» **Supplied data**
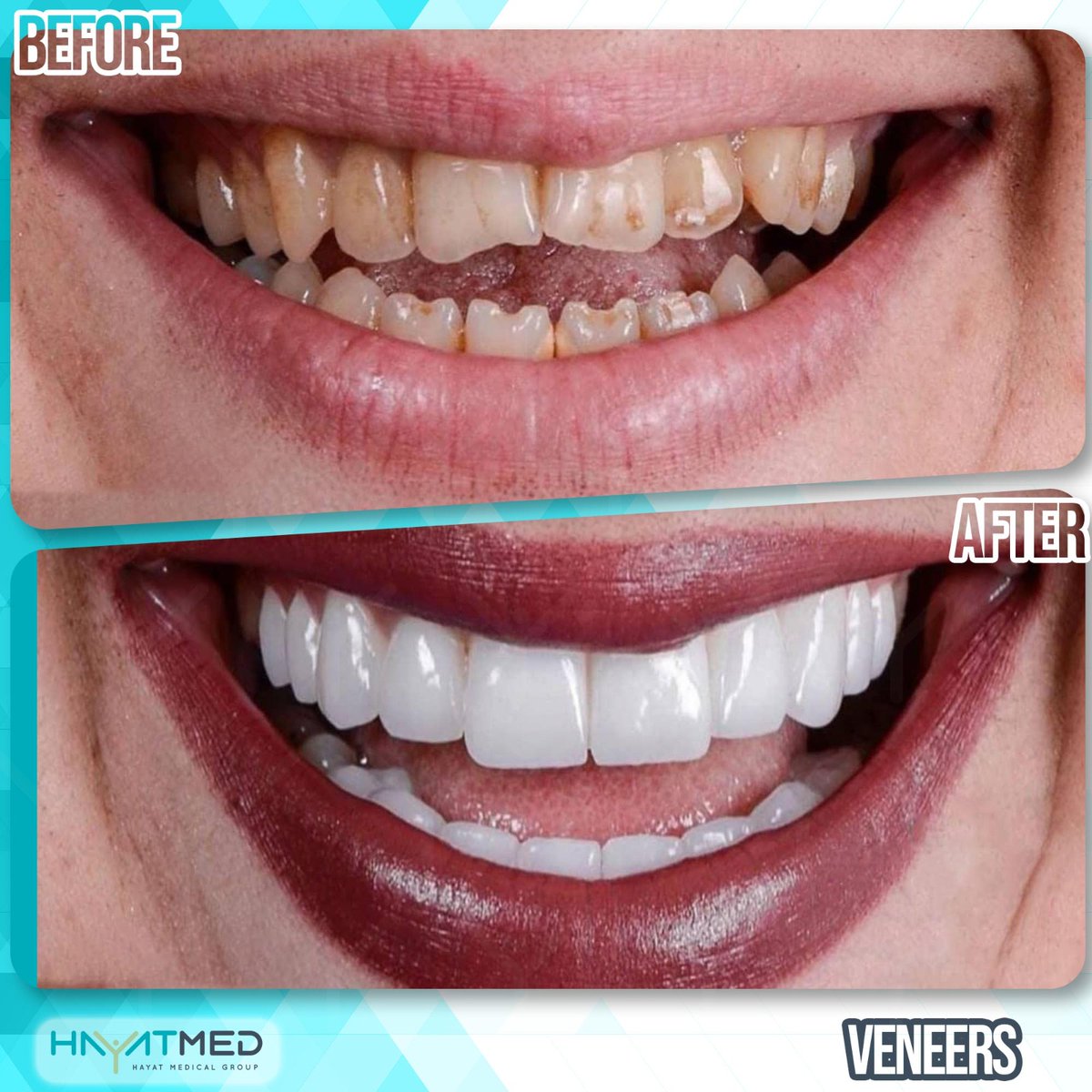 Hayatmedclinic's tweet photo. Change Your Life With #Hayatmedclinic 
#Smile #estheticdentistry #emax #laminateveneers #zirconia #beauty #lifestyle #healtylife #insta #cosmeticdentistry #aesthetic #estetik #dentalclinic #dentalcare #dental #teeth #instagood #istanbul
#smilemakeover #smiledesign #smileart https://t.co/TNK3zaDeGS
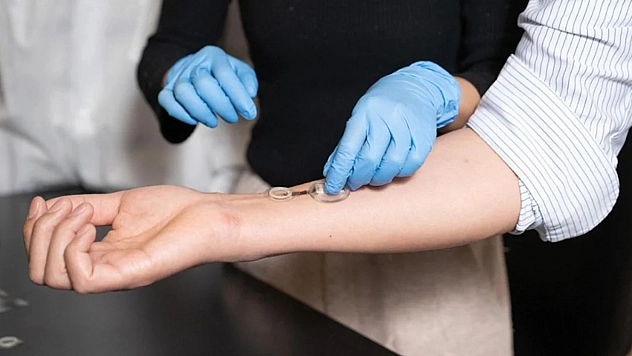 Enfeksiyonu günler öncesinden tespit eden akıllı bandaj çıktı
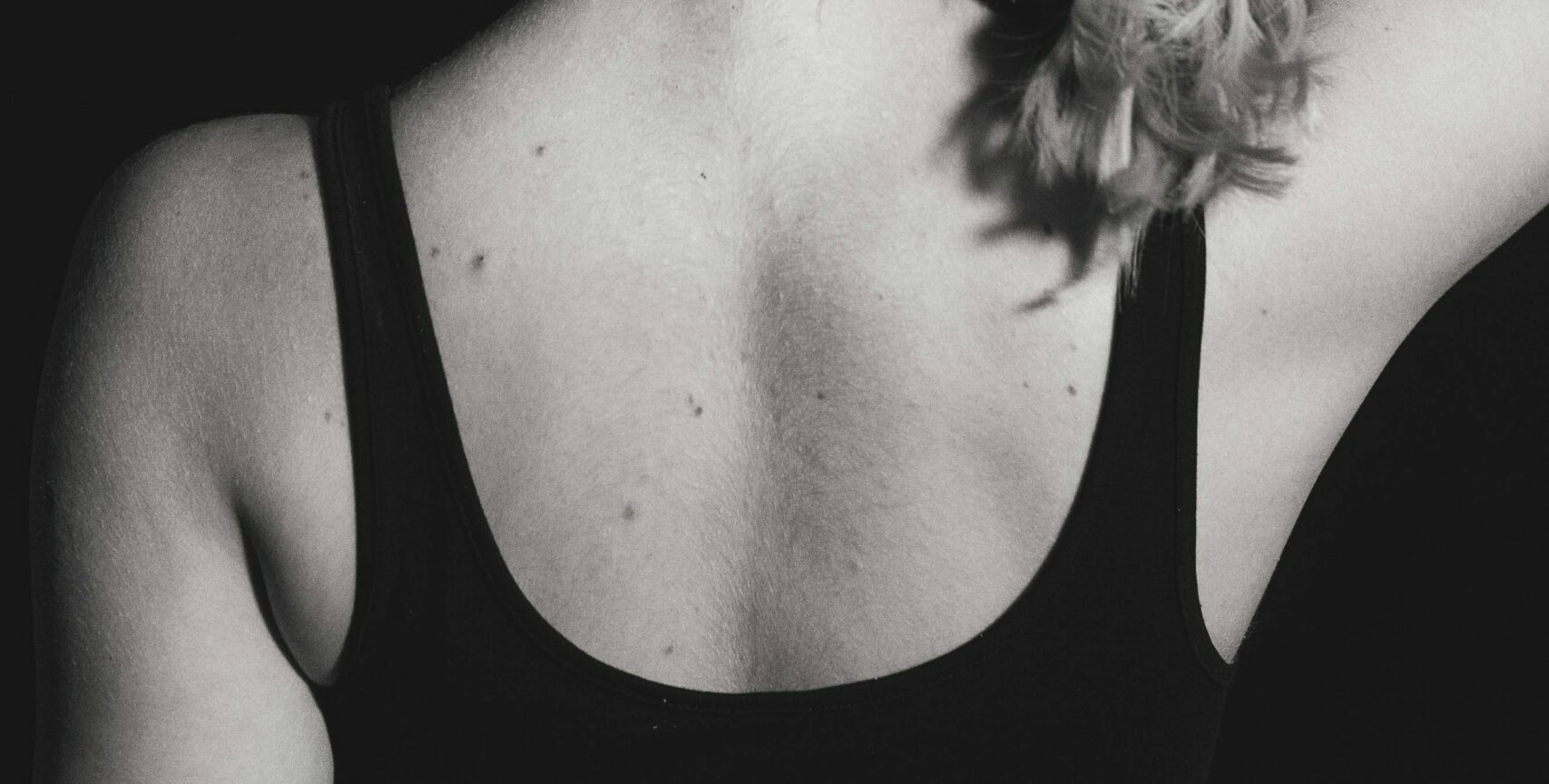 Cherry angiomas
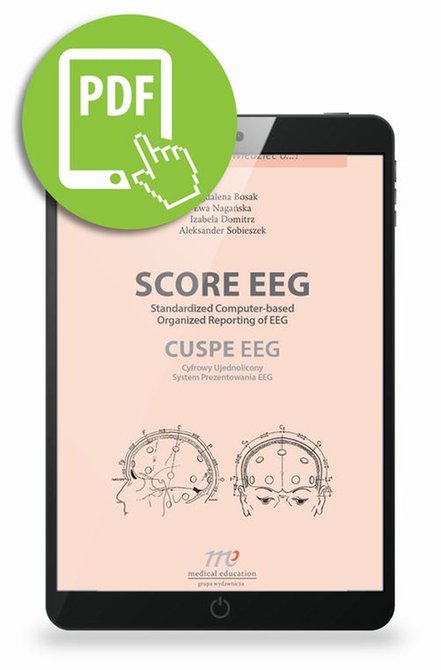 ebooki: SCORE EEG Standardized Computer-based Organized Reporting of EEG. CUSPE EEG Cyfrowy Ujednolicony System Prezentowania EEG &ndash; ebook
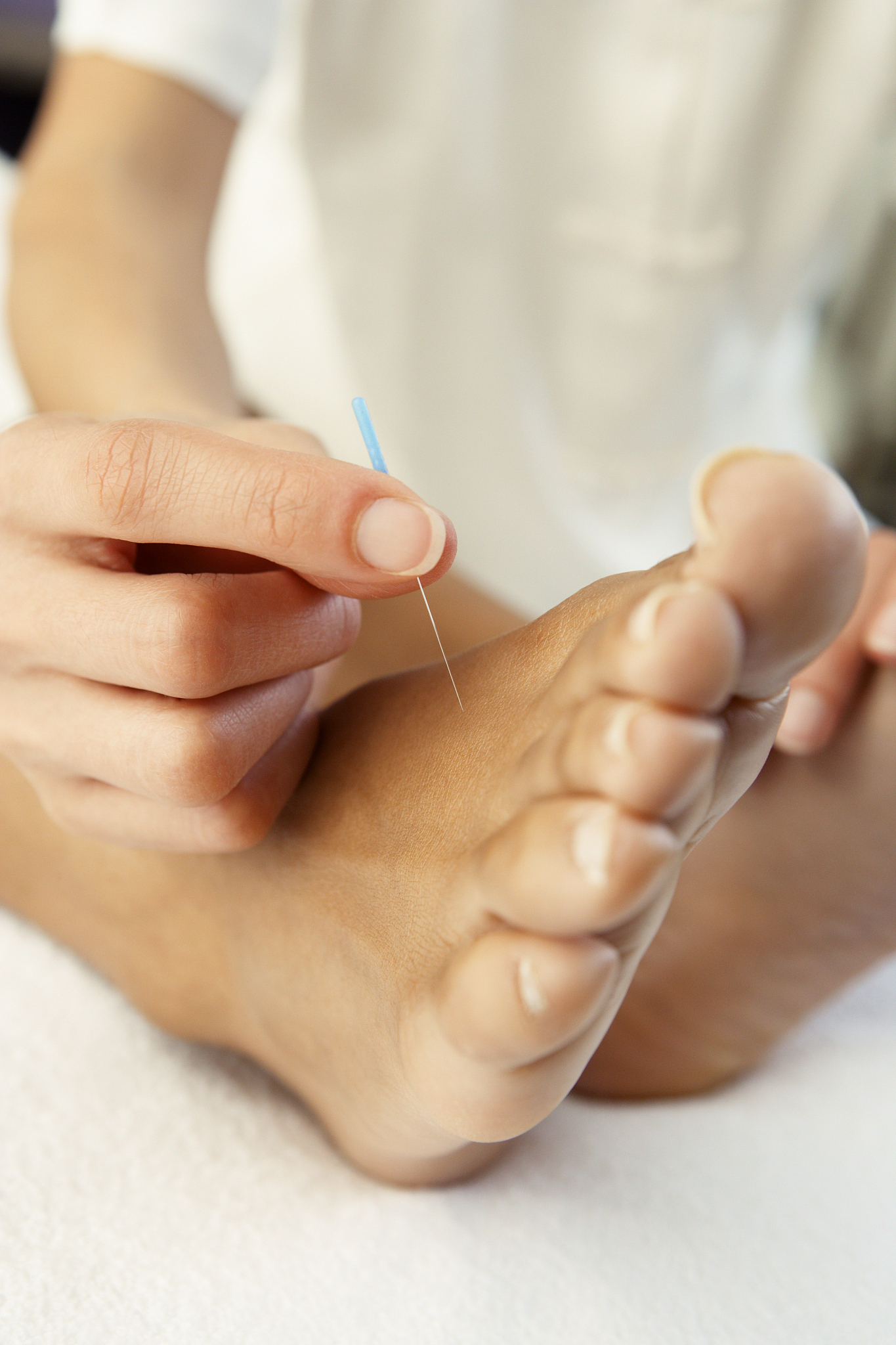 close up of acupuncture treatment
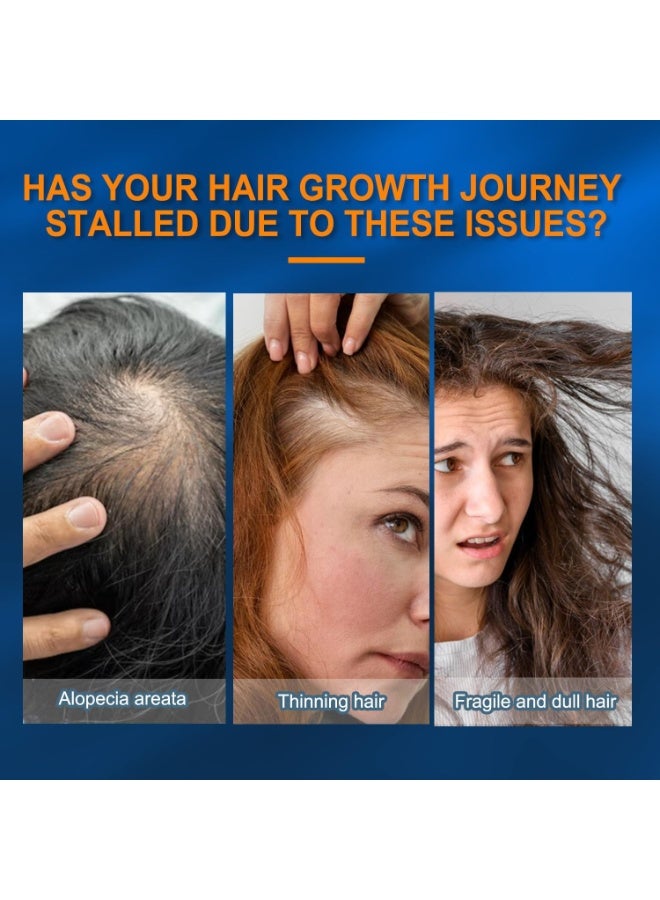 SKQIR 5% Minoxidil Foam for Men Women, 60ml 5% Minoxidil for Men Foam, Minoxidil for Women Hair Growth Suitable for Hair Thinning Receding Hairline and Hair Loss to Hair Regrowth Get Thicker Fuller Hair - Image 3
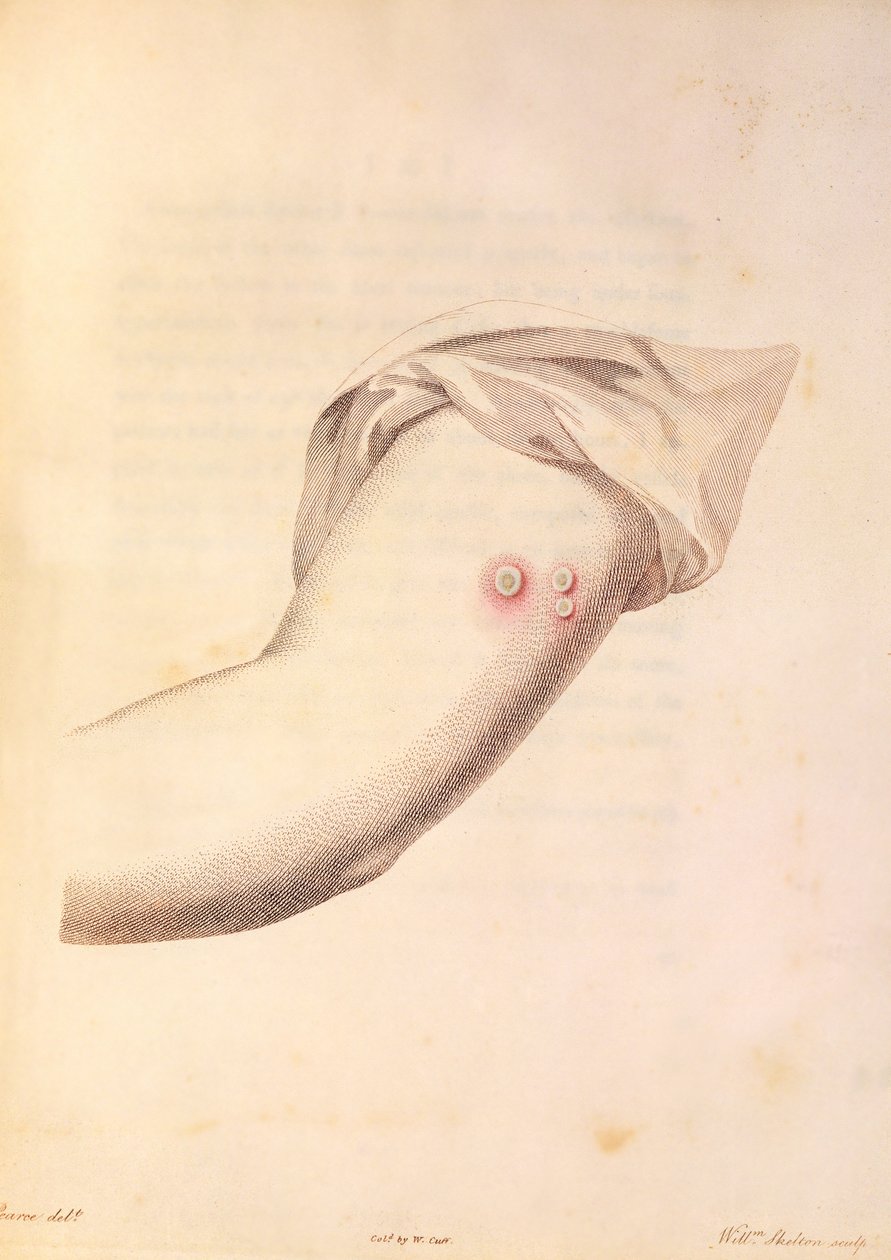 Arm von William Pead verwendet für Pockenimpfstoff, aus 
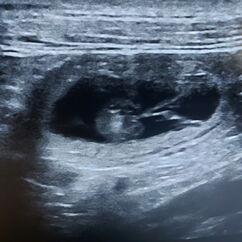 Ultraschallaufnahme 28. Trächtigkeitstag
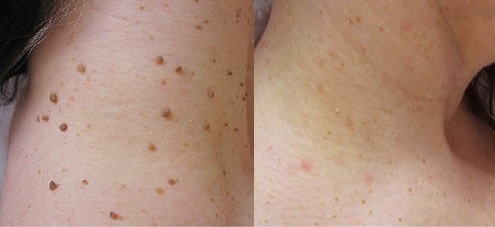 comparaison avant/après traitement d'acrochordon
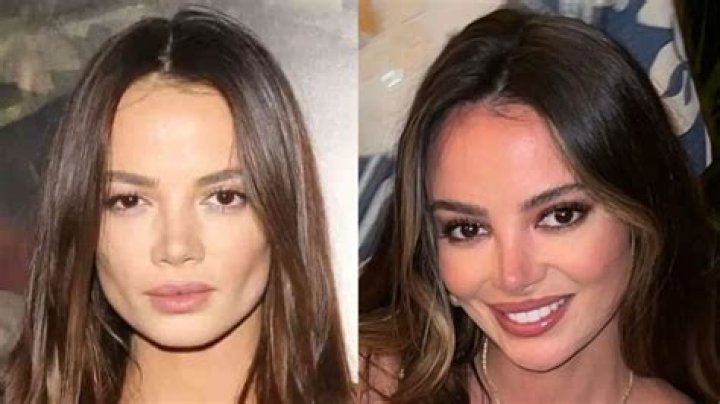 Has Keleigh Teller Undergone A Nose Job?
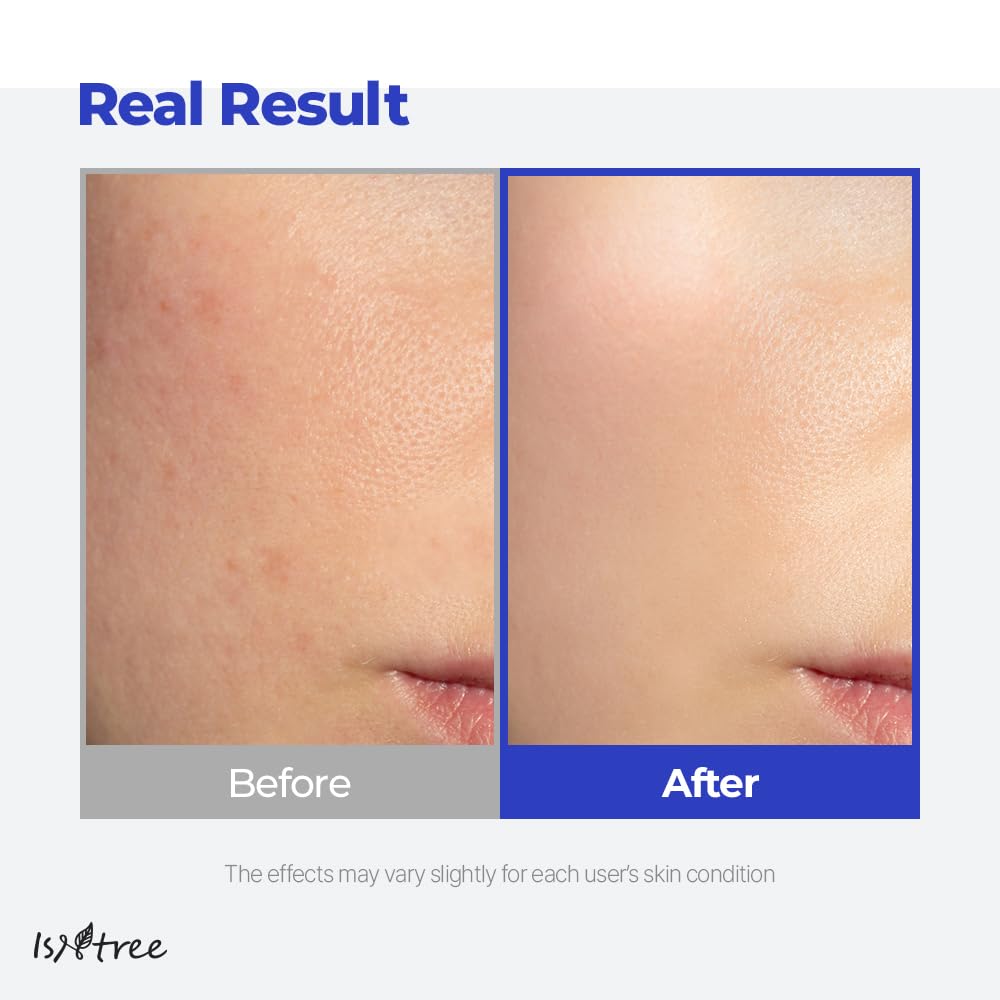 IsNtree Hyaluronic Acid Aqua Gel Cream under-makeup application for smooth layering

» **Work to complete**
Leaving aside the images, write out the entries above word for word.

» **Answer space**
 Hayatmedclinic's tweet photo. Change Your Life With #Hayatmedclinic 
#Smile #estheticdentistry #emax #laminateveneers #zirconia #beauty #lifestyle #healtylife #insta #cosmeticdentistry #aesthetic #estetik #dentalclinic #dentalcare #dental #teeth #instagood #istanbul
#smilemakeover #smiledesign #smileart https://t.co/TNK3zaDeGS
 Enfeksiyonu günler öncesinden tespit eden akıllı bandaj çıktı
 Cherry angiomas
 ebooki: SCORE EEG Standardized Computer-based Organized Reporting of EEG. CUSPE EEG Cyfrowy Ujednolicony System Prezentowania EEG &ndash; ebook
 close up of acupuncture treatment
 SKQIR 5% Minoxidil Foam for Men Women, 60ml 5% Minoxidil for Men Foam, Minoxidil for Women Hair Growth Suitable for Hair Thinning Receding Hairline and Hair Loss to Hair Regrowth Get Thicker Fuller Hair - Image 3
 Arm von William Pead verwendet für Pockenimpfstoff, aus 
 Ultraschallaufnahme 28. Trächtigkeitstag
 comparaison avant/après traitement d'acrochordon
 Has Keleigh Teller Undergone A Nose Job?
 IsNtree Hyaluronic Acid Aqua Gel Cream under-makeup application for smooth layering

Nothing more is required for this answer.